American Dance Therapy Association (ADTA)
The roots of dance/movement therapy can be found to the early 20th century and Marian Chace was the founder of DMT (Sandel, Chaiklin, & Lohn, 1993). . Chace was a dancer in Washington, D.C. who started teaching dance after termination of her career with the Denishawn Dance Company in 1930. She observed that some of her students were much more attracted in the emotions they spoken in dancing, and she also began to motivate this procedure of self-expression. Word spread of the dance students’ conveyed feelings of well being when they mentally relieved themselves through dance, and doctors became attracted towards dance therapy. They started to send their patients to Chace many of who were people with psychiatric disorders. Dance therapy is the psychotherapeutic use of movement as a practice that promotes the emotional, mental, societal, and physical integration of any person (ADT, 2013). Expressive, communicative, and adaptive actions are all deliberated for group, individual, couples, & family treatment. Body movement instantaneously provides the processes of valuation and the mode of involvement. Dance/movement therapists are working in an extensive diversity of facilities along with private practice.
Effects of dance/moment therapy on physical health
In our normal life we are mostly going through with the several problems that we can’t even count. Dance therapy is presented as a health promotion facility for healthy people and as a good method of decreasing the stress of people who take care of others and people with some disease and other chronic illnesses. Physically, dance therapy can offer exercise, improve flexibility and muscle synchronization, and reduces muscle pressure (Chodorow, 1991)..

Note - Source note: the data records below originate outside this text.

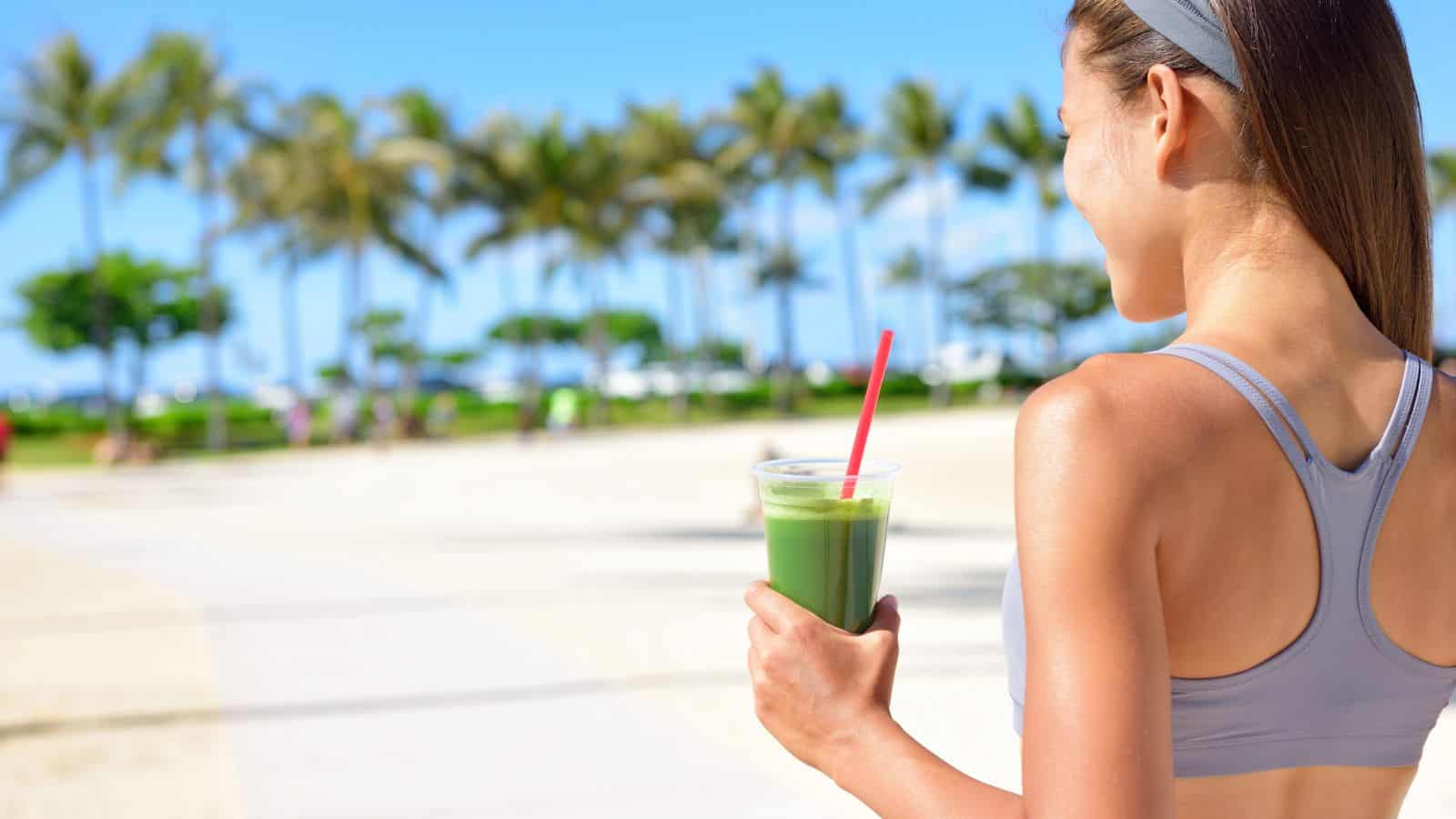 A woman in athletic wear stands outdoors holding a green smoothie with a red straw. Palm trees and a clear blue sky are visible in the background.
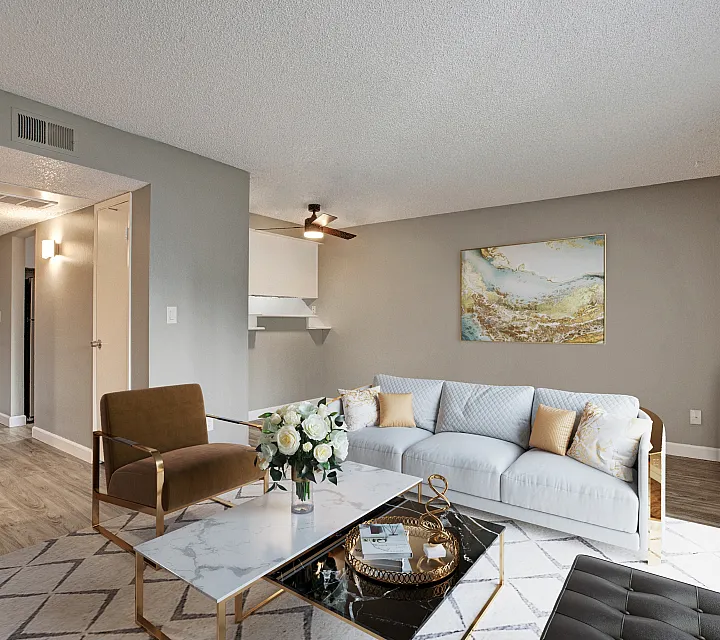 Modern living room with elegant furnishings, featuring a cozy sofa, stylish accent chair, and a chic coffee table adorned with fresh flowers.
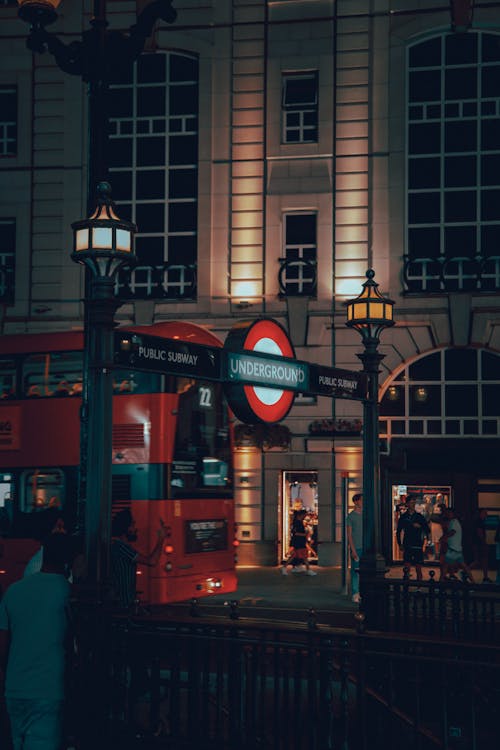 A red double decker bus at night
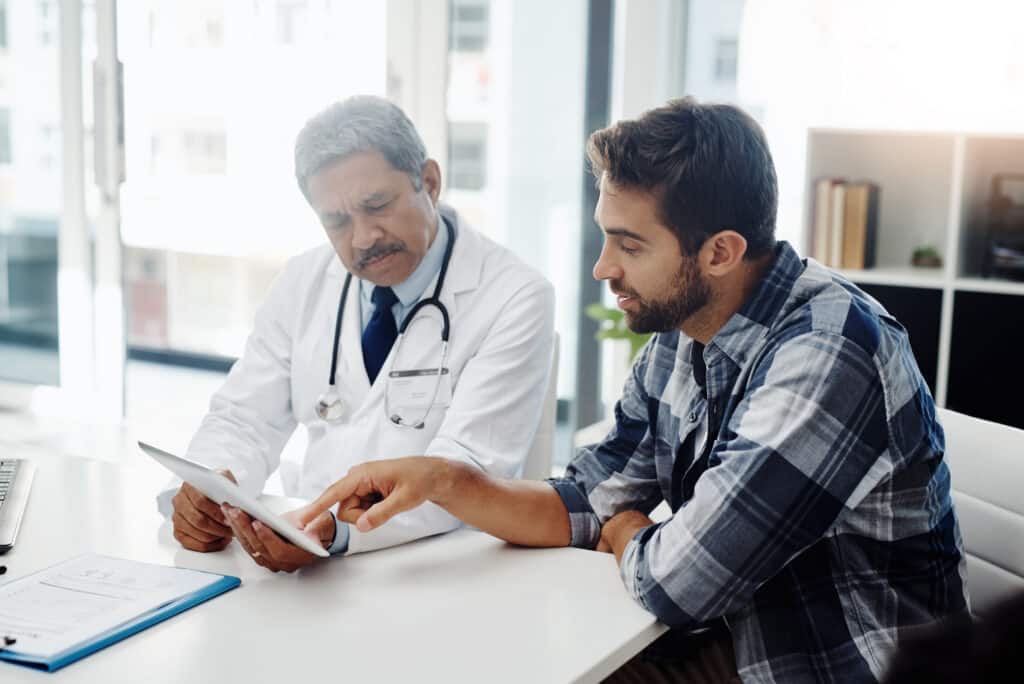 Healthcare, doctor and patient in consultation with tablet, expert advice, discussion and results. Medicine, health care and Indian man in doctors office, internet and consulting medical professional.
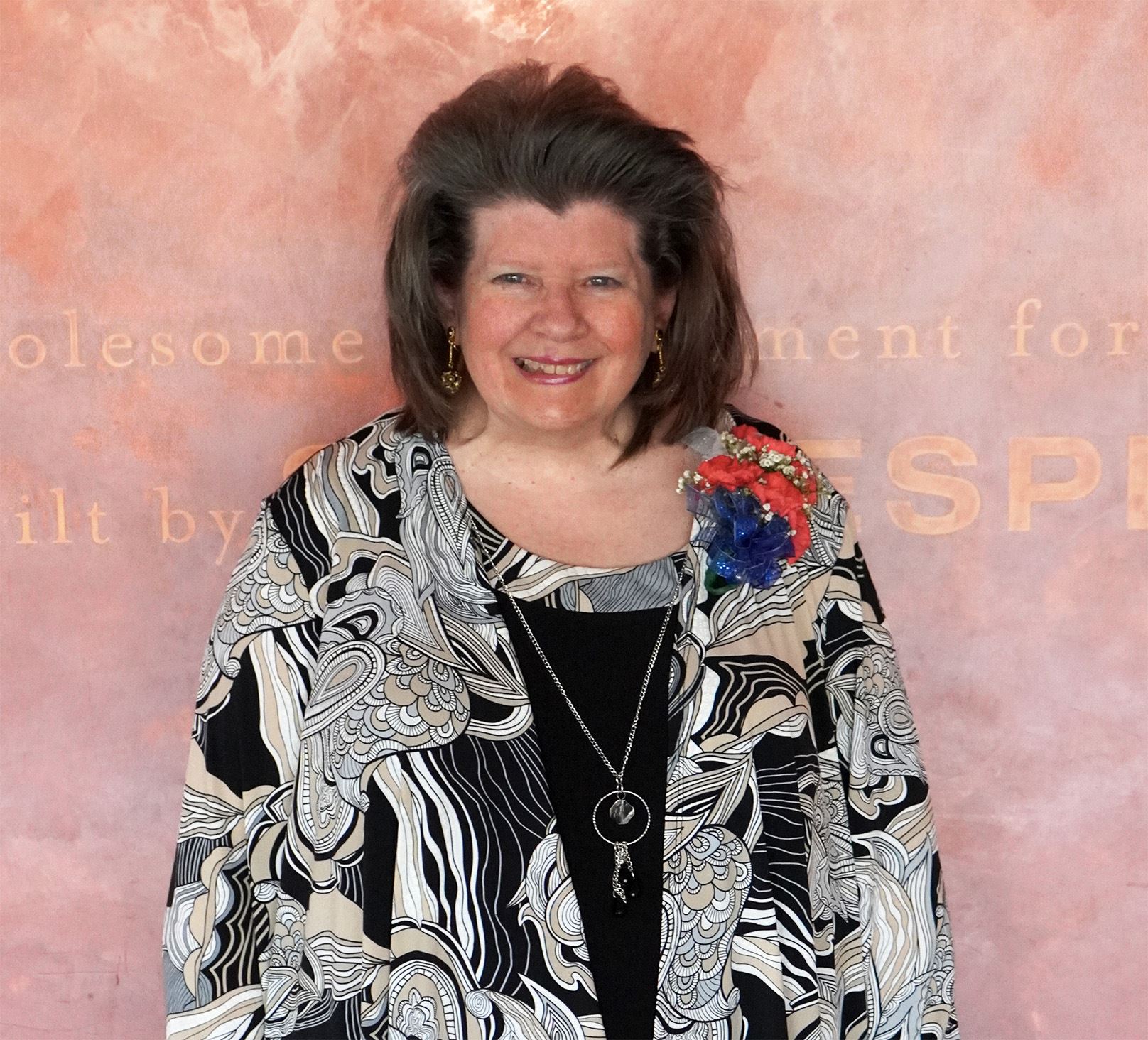 Short white female with brown hair wearing floral top smiling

Eating disorders: Dance/movement therapy can absolutely affect body image in the situation of eating disorders. It can also support the creative process and improve healing capability with some activities like discovering tension and relaxation through some physical movements, and relating these movements to important times in someone’s life. Moreover, dance/movement therapy can improve self-awareness, with the capability to sense and feel emotions and other impressions like deprivation, tension, and relaxation. Dance/Movement can also be a way to reestablish the link between the mind and the body and then make a balance between them. The dance/movement therapy technique of Blanche Evan is the one in which people were able to discover their inner emotional backgrounds by using imagery and conceptions (Levy, 2005). This method is particularly helpful for women who have eating disorders. Once I visited the dance therapy session and I experienced that women feel safe and free there. They give some exercises like psychosomatic breathing to help women find their restricted point and then release their emotions. They also recommend them to do exercise by placing their hands on different breathing centers on the body, like near the collarbone, chest, or belly button. My experience has been that when we start a session working with the body in a way that provides contact to feelings, and the talking part of the session has a slightly different attribute to it (Graetz, Sawyer, Baghurst and Hirte, 2006).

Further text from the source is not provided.